Dopo le preghiere, gli interventi del rabbino capo della Comunità, Riccardo Di Segni, della presidente Ruth Dureghello ed infine il ricordo emozionato dei figli, Jonathan e Roberto, che hanno evocato e testimoniato – accanto alla fragilità degli ultimi tempi – alcuni dei tratti paterni: quelli di un uomo che ha saputo tenere insieme le dimensioni della vita materiale e di quella spirituale, sempre ricercato per una parola, un consiglio, un intervento; profondo conoscitore della sua città e della gente della sua Comunità, entrambe amate.
Era nato nel 1933 ed aveva conosciuto il dramma della Shoah, che gli aveva portato via suo padre, Rubino.

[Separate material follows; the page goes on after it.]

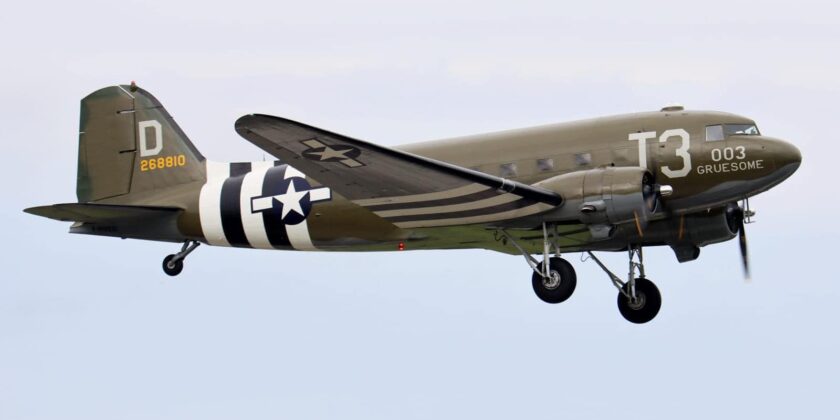 Flight ride in a DC3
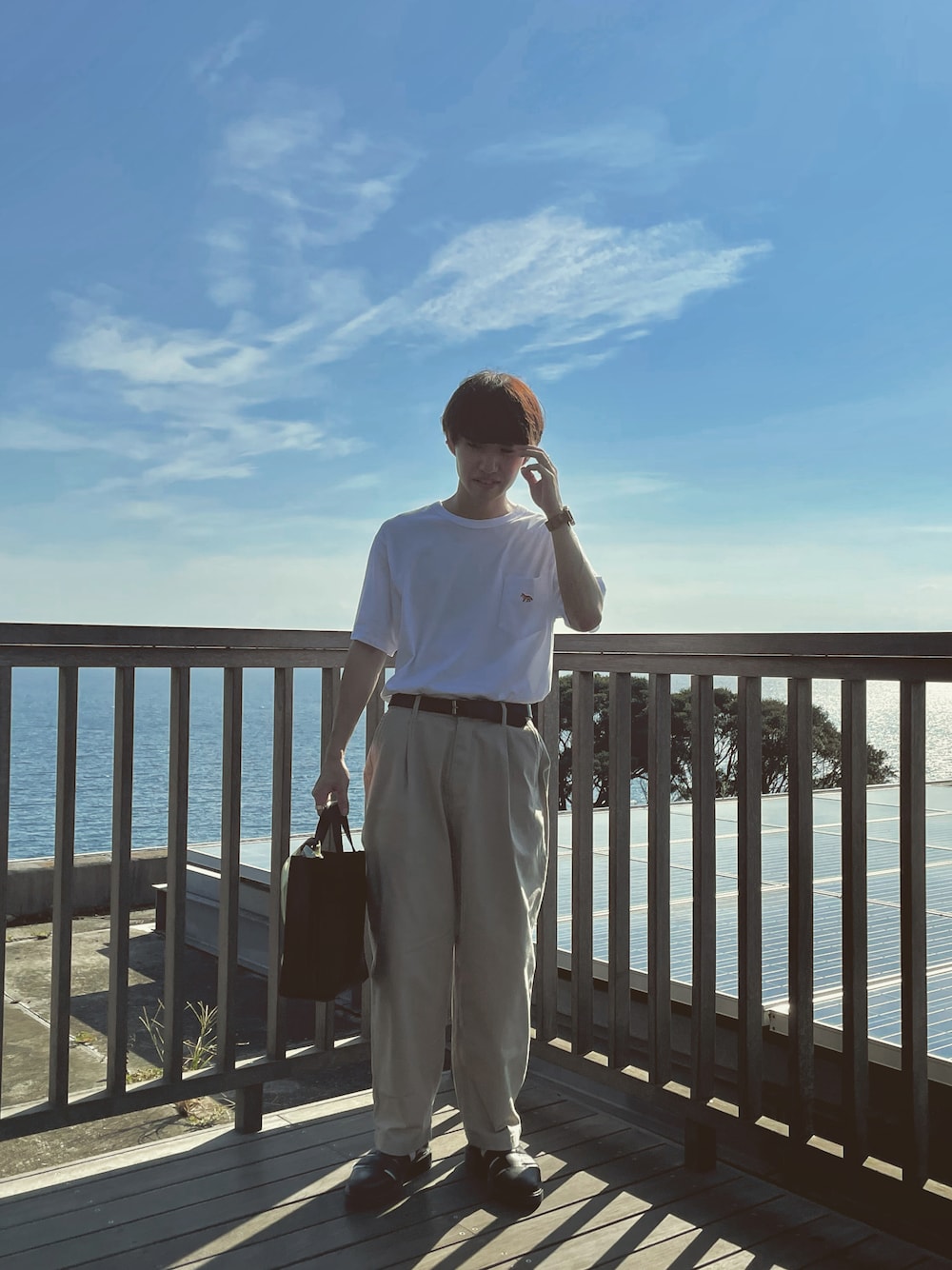 「シンプルコーデ、オトナカジュアル、カジュアル、Tシャツ、サンダル、グルカサンダル、ワイドパンツ、ハンドバッグ、スカーフ、ワントーンコーデ、低身長、海、ootd、おしゃれさんと繋がりたい、いいね、save、フォローお願いします🤑」｜「PUBLUXのアイテム（セットアップ、ベージュ系）」を使った、takuさん（メンズ・162cm）の夏コーディネートの1枚目の写真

La Comunità ebraica romana lo ha ricordato come «chacham (saggio) dei nostri tempi, ma anche maestro, scrittore, docente, guida spirituale ed un eterno tifoso di calcio, come amava simpaticamente sottolineare. Lascia un grande vuoto ma con il merito di aver contribuito alla formazione di tanti studenti, oggi adulti, che proseguono sulla scia dei suoi insegnamenti».
Nel 2015, aveva consegnato la sua biografia all’editore livornese Salomone Belforte, pubblicata col titolo Chiedi a tuo padre e te lo dirà: un rabbino di Roma si racconta.
Dopo il commiato pubblico, si è formato un corteo funebre che ha percorso il tratto di strada che ora porta il nome di Elio Toaff, il rabbino capo accanto al quale si è svolta una buona parte della vita di Rav Della Rocca. Dall’interno della scuola ebraica si udivano le voci dei ragazzi che accompagnavano il maestro dei loro genitori nell’ultimo viaggio.
Lo incontrai la prima volta per le strade di Trastevere – moltissimi anni fa – insieme a sua moglie e a suo figlio Jonathan, mio amico e compagno di studi all’università; e poi, diverse altre, in sinagoga come pure in occasione delle celebrazioni con la Comunità di sant’Egidio per il ricordo della deportazione degli ebrei romani nel 1943.
Alla marcia del 2010, al termine, lo ricordo guidare il corteo col sefer Torah da piazza 16 ottobre 1943 a san Bartolomeo all’Isola. Ebbi occasione di salutarlo un’ultima volta, nei corridoi del vecchio complesso del San Gallicano, nell’ottobre del 2019, in occasione della consegna del premio Rabbi Moshe Rosen ad Andrea Riccardi.
Che il suo ricordo sia di benedizione.